Vaccine eligibility expands Friday; over 5,000 more Routt residents will become eligible
STEAMBOAT SPRINGS — Vaccine eligibility will expand Friday, making Coloradans 50 and older, people with one high-risk health condition and many essential workers eligible to get their shot.
Across Colorado the 1B.4 vaccination group represents about 2.5 million people, and in Routt County, Brooke Maxwell, county public health nurse, estimates this group will include more than 5,000 residents.
With more people becoming eligible for the vaccine, the county has decided to close the vaccine interest form they had used to collect names and contact information about people looking to get the vaccine. Essentially, the list of over 7,000 people became far too cumbersome for Maxwell to manage.
With so many different providers offering the vaccine now, many people on the county’s list have already received the vaccine elsewhere.
“The lists have become so inflated that we legitimately have to call 70 people to find 10 that haven’t had a shot yet,” said Matt Johnson, owner and pharmacist at Lyon’s Corner Drug and Soda Fountain.
For a clinic last weekend, Johnson said he had people calling him Saturday to cancel Sunday vaccine appointments that had just been made Thursday, because they were able to get the vaccine elsewhere.
“That is the problem; the lists just don’t hold up to scrutiny,” Johnson said, adding that even if everyone were to call to remove their names from a list when they got the vaccine, that, too, would take quite a bit of time to manage.
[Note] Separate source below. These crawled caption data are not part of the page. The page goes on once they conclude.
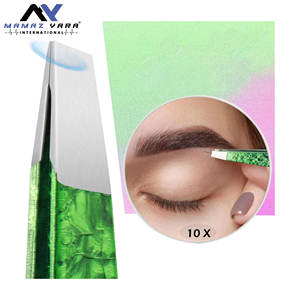 แหนบคุณภาพพรีเมียมสำหรับตกแต่งคิ้ว สำหรับผู้หญิงและผู้ชาย ใช้กำจัดขนบนใบหน้าและขนคุดได้อย่างแม่นยำ สีชมพูทองสวยหรู - Product Image 2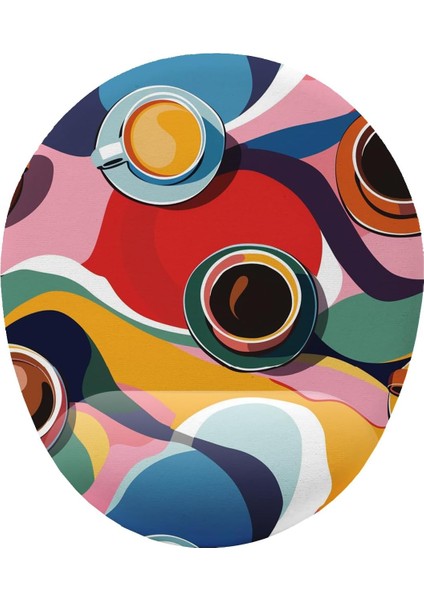 Kahve Desenli Bilek Destekli Mouse Pad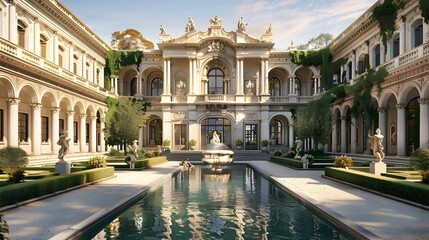 Naklejka premium Majestic Renaissance Palace with Ornate Facades Symmetrical Design and Lush Courtyard Fountain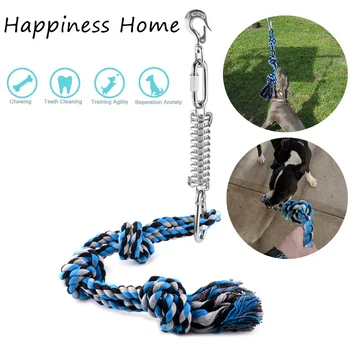 

Portable Dog biting rope Stainless Steel Spring Pole Puppy Rope Toys Backyard Outdoor Hanging Exercise Rope Pull Tug of War Toy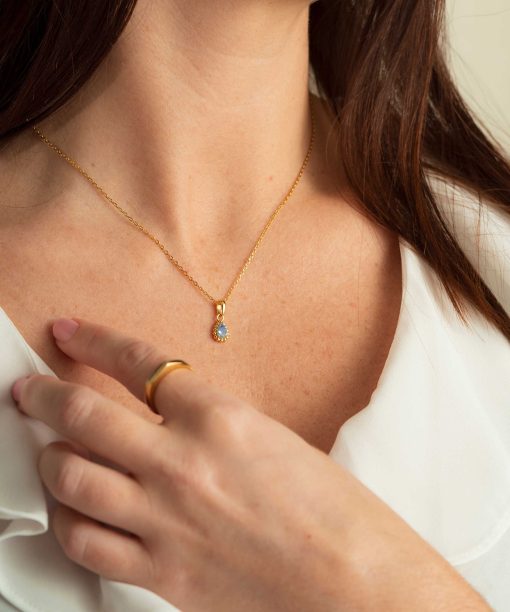 Alternative view of Smykke i sølv med lys blå zirkonia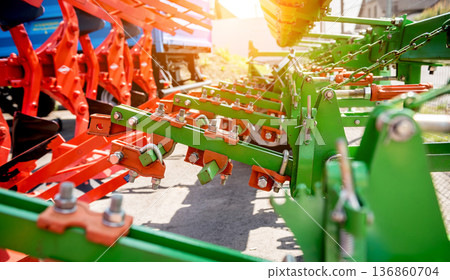 Modern agricultural machinery and equipment. Industrial details. 136860704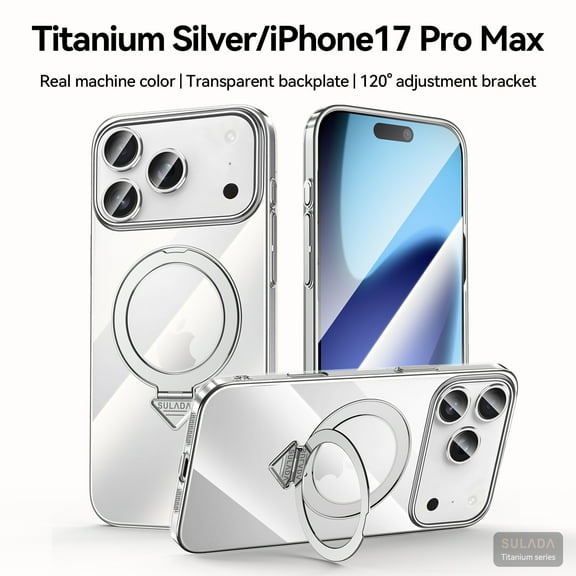 ELEHOLD Rugged Mag-Safe Case for Apple iPhone 17 Pro Max with Magnetic Ring Kickstand Shock-Absorbent Lightweight PC TPU Protective Basic Case Cover 1,Silver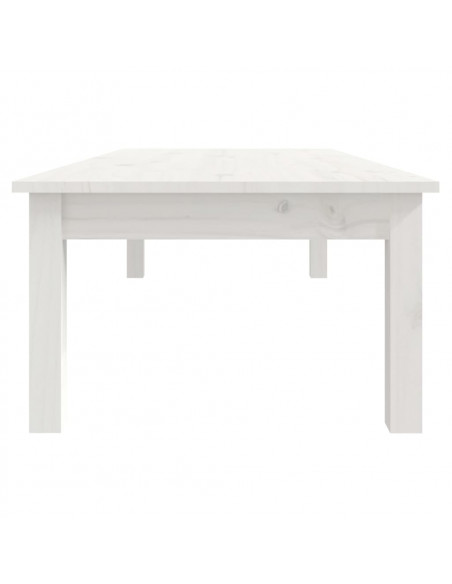 Tavolino da Salotto Bianco 110x50x30 cm Legno Massello di Pino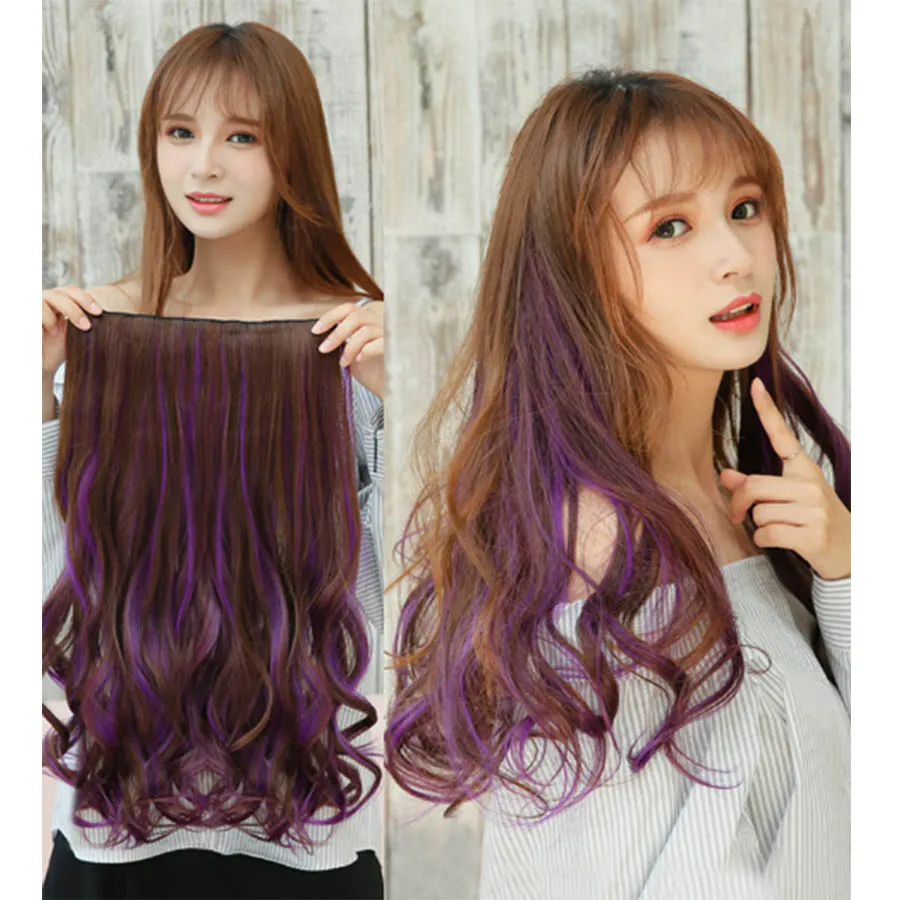 

Seamless invisible hair extension piece with long curly hair and large volume women's color five card hair piece with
The county is still using the list; they are just not adding to it. Maxwell reached out to people who had signed up on the list to see if they had already gotten the vaccine Tuesday in the hopes the county could further parse down the list and make it more useful.
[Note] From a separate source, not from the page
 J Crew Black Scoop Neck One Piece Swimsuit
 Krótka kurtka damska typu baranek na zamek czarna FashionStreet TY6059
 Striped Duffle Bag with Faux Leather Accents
A variety of essential workers will become eligible to get the vaccine Friday, and Routt County Public Health has been partnering with the Steamboat Springs Chamber to collect information from businesses whose employees are either eligible already or will become eligible Friday, with a large number of these being restaurant workers.
Johnson said on Friday there is a meeting with all the vaccine providers to “divide and conquer” the names public health has been collecting with the hope of getting a large percentage of those workers vaccinated within 10 days.
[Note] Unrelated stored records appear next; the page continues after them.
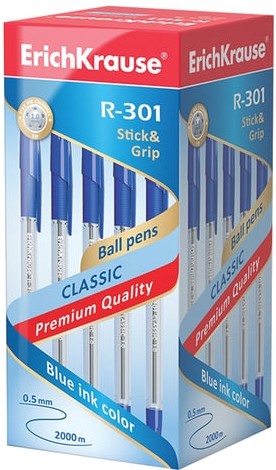 Ручка шариковая с грипом ERICH KRAUSE "R-301 Grip", СИНЯЯ, корпус прозрачный, узел 1 мм, линия письма 0,5 мм, 39527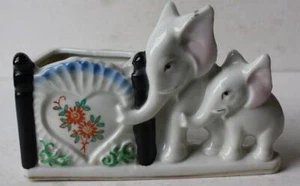 Estatuilla de elefante doble elefante cerámica pequeño maceta soporte hecho en Japón - - Imagen 1 de 1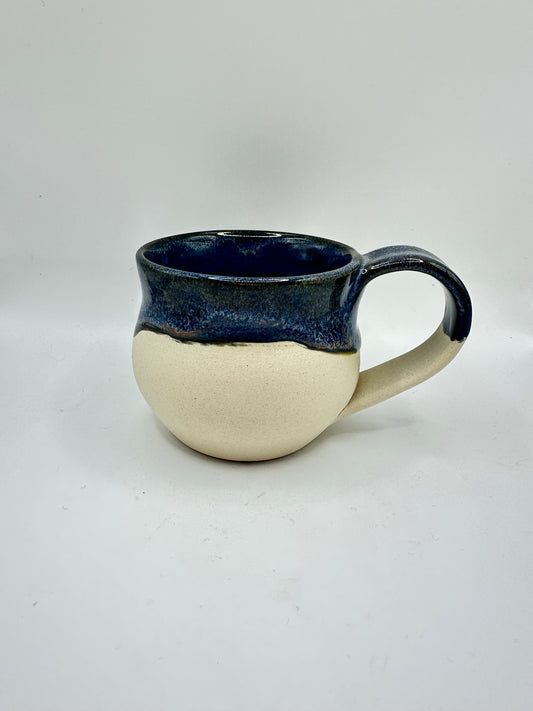 Half-Glazed Blue and White Espresso/Tea Mug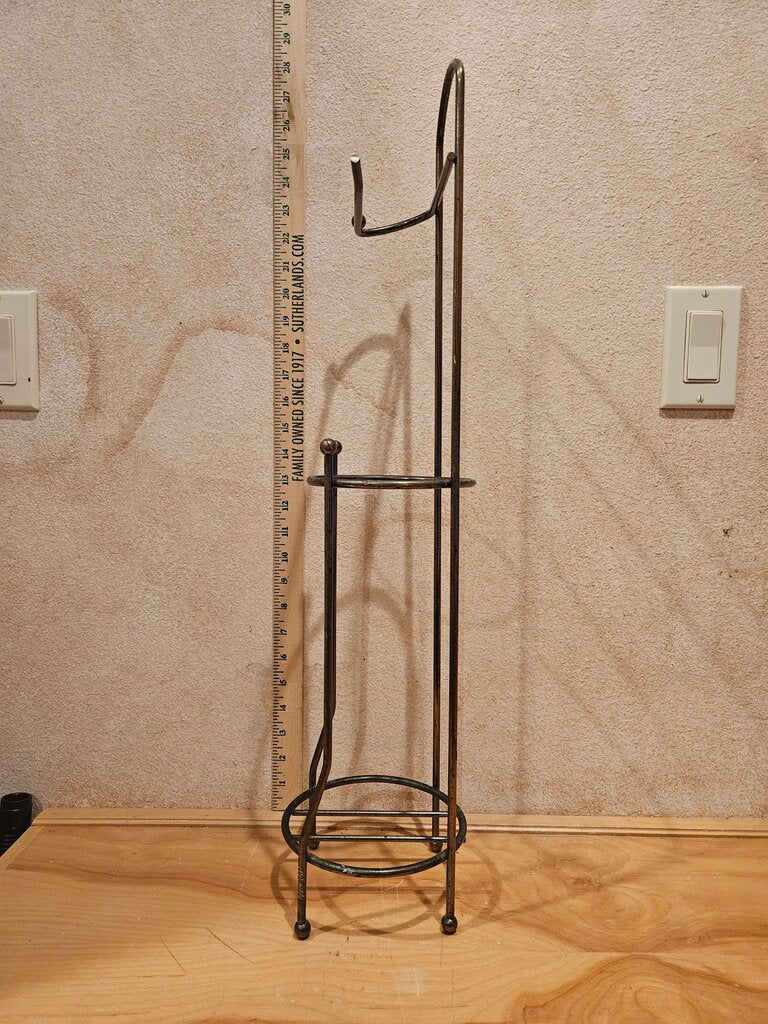 Wrought Faux brass Metal Bathroom Toilet Paper Floor Holder As is Missing decor knob Fits 4 Single Rolls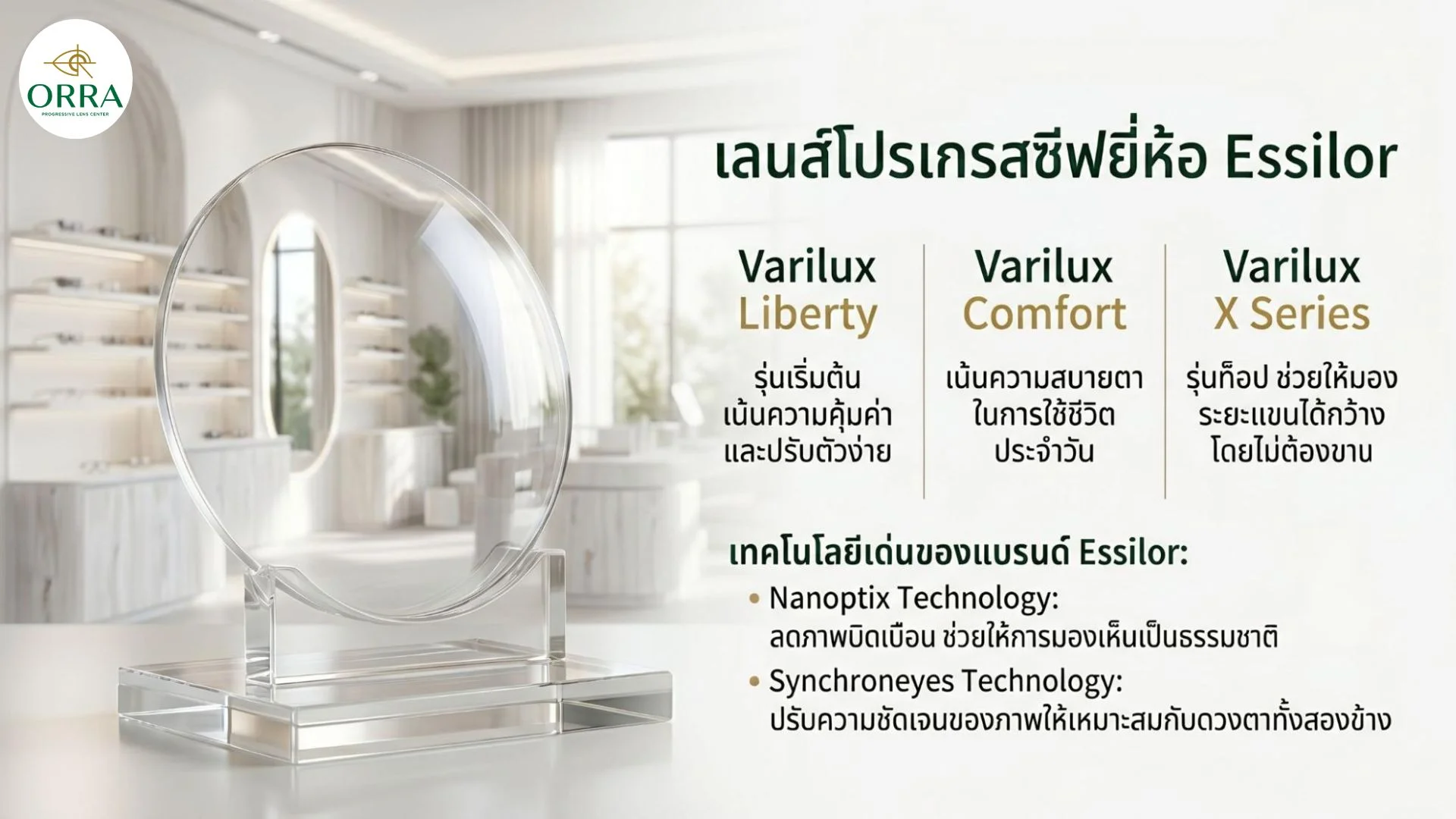 progressive lens brand essilor comparison guide เลนส์โปรเกรสซีฟ Essilor รุ่น Varilux Liberty, Varilux Comfort และ Varilux X Series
Many of these employees could be seasonal and may not be around long enough to get two doses of a vaccine. To make vaccinating simpler for some of these people, the county would like to get more of the Johnson & Johnson one-dose vaccine, but production issues have led to uncertainty about its availability.
While the flow of the Johnson & Johnson vaccine into Colorado is up in the air, there is a steady supply of both the Moderna and Pfizer vaccines, and public health officials recommend people getting whatever vaccine is available to them when they are eligible.
That said, if someone knows they will not be around for their scheduled second dose of the vaccine — potentially being out of town during the week of spring break — they should hold off on getting a first dose until they confirm they can be available for both shots.
Johnson said he still has not had word of whether Lyon’s will be getting vaccines this week, as things are seemingly delayed because of the massive snow storm that recently hit Denver. If he does not get any vaccine, Johnson said public health has already agreed to give him enough vaccine for him to cover planned second doses this weekend.
Public health has also given some of the doses they received to primary care clinics in town that have been shutout on getting vaccine so far. Without this cooperation among providers and public health, Johnson said he would have already missed two second-dose clinics.
“That is twice my butt has been bailed out through partnerships,” Johnson said, emphasizing that these kinds of relationships between public health and providers in Routt County are not as feasible in larger municipalities like Denver.
Johnson is encouraging people to call Lyon’s on Wednesday afternoon, Thursday and Friday to either schedule an appointment if the drug store gets vaccines or help people understand what other options are out there if they do not.
“At least if we are saying, ’hey, it is not us unfortunately for this week,’ we can at least talk through it and help basically be a pathfinder for them to find a shot,” Johnson said.
The problem with using some kind of online form, Johnson said, is that people are not always honest, and a short conversation will allow him to better screen people. If not properly screened, Johnson said Lyon’s is put in a difficult situation of deciding whether to give the vaccine as planned to someone who isn’t eligible or turning them away and risk not being able to find an eligible arm for the shot.
Lindsey Reznicek, spokesperson for UCHealth Yampa Valley Medical Center in Steamboat Springs, said in an email that as it gets closer to the end of vaccine phases, people do become harder to find and not all of the hospital’s clinics will be booked solid. That is expected to change with the large expansion of eligibility Friday.
As of Tuesday afternoon, Reznicek said the hospital had not received any more vaccines this week, but it has first- and second-dose clinics scheduled both this week and next.
Another issue, Maxwell said, is the county is having a lot of people reach out who are not yet eligible for the vaccine but think they are under some of the manufacturing-, specialized transportation- and human services-related jobs that have been identified as essential workers.
“Schedule your appointment with any one of the providers you can get an appointment with when you are eligible, make sure you are eligible and make sure that you are around for dose two,” said Robin Schepper, spokesperson for the county.